··· Dataset excerpt

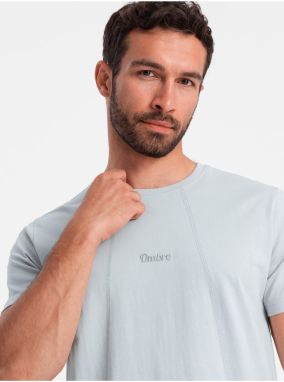Šedé pánske tričko s jemnou výšivkou Ombre Clothing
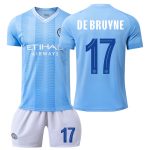 Billiga Fotbollströjor Barn Manchester City 2023-24 Hemma Tröja fotbollströja set Kevin DE BRUYNE 17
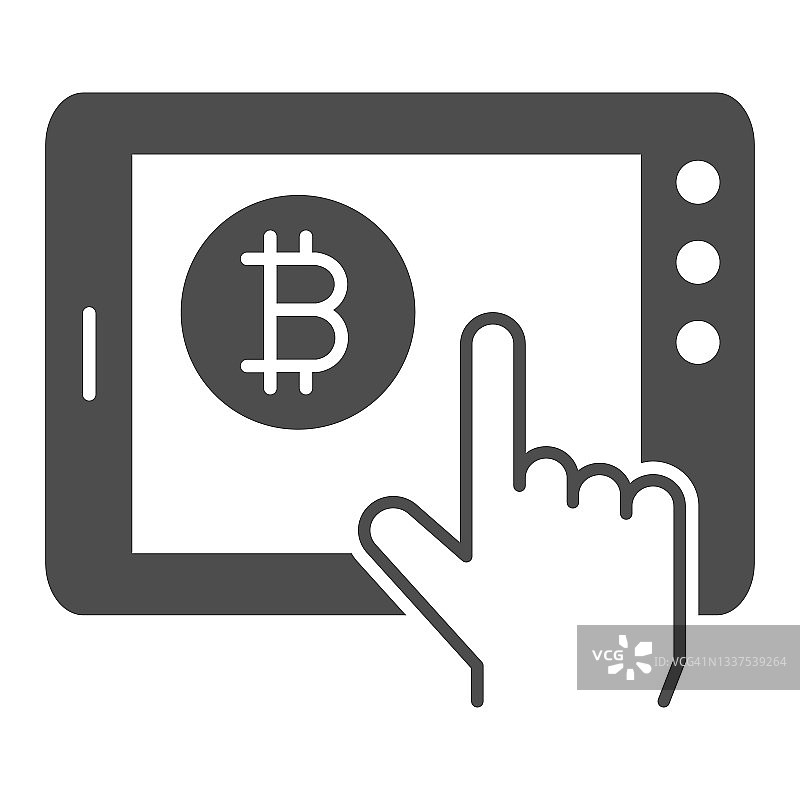 平板电脑上的比特币标志和手实体图标，加密货币概念，白色背景上的BTC应用向量标志，移动概念和网页设计的字形风格图标。矢量图形。图片素材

······

_Exercise objective_
Everything but the pictures is needed: copy the data above exactly.

_Result_
Šedé pánske tričko s jemnou výšivkou Ombre Clothing
 Billiga Fotbollströjor Barn Manchester City 2023-24 Hemma Tröja fotbollströja set Kevin DE BRUYNE 17
 平板电脑上的比特币标志和手实体图标，加密货币概念，白色背景上的BTC应用向量标志，移动概念和网页设计的字形风格图标。矢量图形。图片素材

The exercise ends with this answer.